Realistically you probably won't have a strong need for this unless you have very specific use cases or a complex system, and can usually just deploy the umbrella as a single application, but knowing you have this level of sophistication in building micro-services simply through configuration should really stick out compared to existing solutions available today.
Development
So now you have dozens of applications in your Elixir Umbrella. You have your website, your product GUI, several different API applications, and some data pipelines, jobs and specialized services all inside your Umbrella, and have 2-3 releases configured to group and scale these apps logically or based on business needs. The Elixir Umbrella seemed to get the job done well for the 'individual scalability' feature of micro-services, but what about code organization?
More often than not I think micro-services are defined by the teams that will be working on them rather than how they fit in the problem domain, and let's face it, nothing beats a brand-new empty repo for that new project.
The reality is microservices are typically used more for humans than machines. It makes it easy for us to prevent the dreaded monolith and keep our codebases small and simple, while also permitting us to scale the service independently in anticipation of high work loads.
While sub-apps in an Umbrella can certainly help isolate code for a specific feature/application, they are still part of the same project and can easily rely on other apps in the Umbrella, which means now you just have a jumbled mess across multiple directories! Luckily Elixir does have a solution to this problem as well, called Contexts.
Phoenix Contexts are an effective way of addressing this problem when using the highly-recommended Phoenix Framework, and are used specifically to better isolate and decouple parts of your application that may otherwise become intertwined and a jumbled mess.
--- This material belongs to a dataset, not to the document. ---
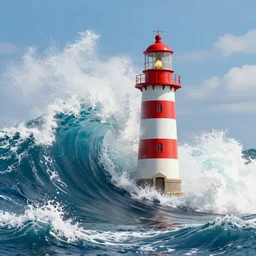 a lighthouse being struck by a huge wave out at sea, digital art, highly detailed, realistic, bright colors, 8 k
When used in conjunction with separate Umbrella applications they can really help give your codebase the tools it needs to establish proper boundaries now and in the future.
Discipline
In conclusion, Elixir Umbrella projects and releases solves the technical issues in an Elixir-based micro-service architecture, and does so in a manner that is as sophisticated and elegant as any solution out there.
In regards to the human and organizational benefits of micro-services, Umbrellas do support multiple applications for better code isolation and Phoenix Contexts can help better separate code that lives in the same Umbrella. However, at the end of the day, discipline is still needed on behalf of developers to ensure the proper separation of concerns is part of the system design and adhered to throughout the development process, and the only way to know that'll be done for sure is independent repositories.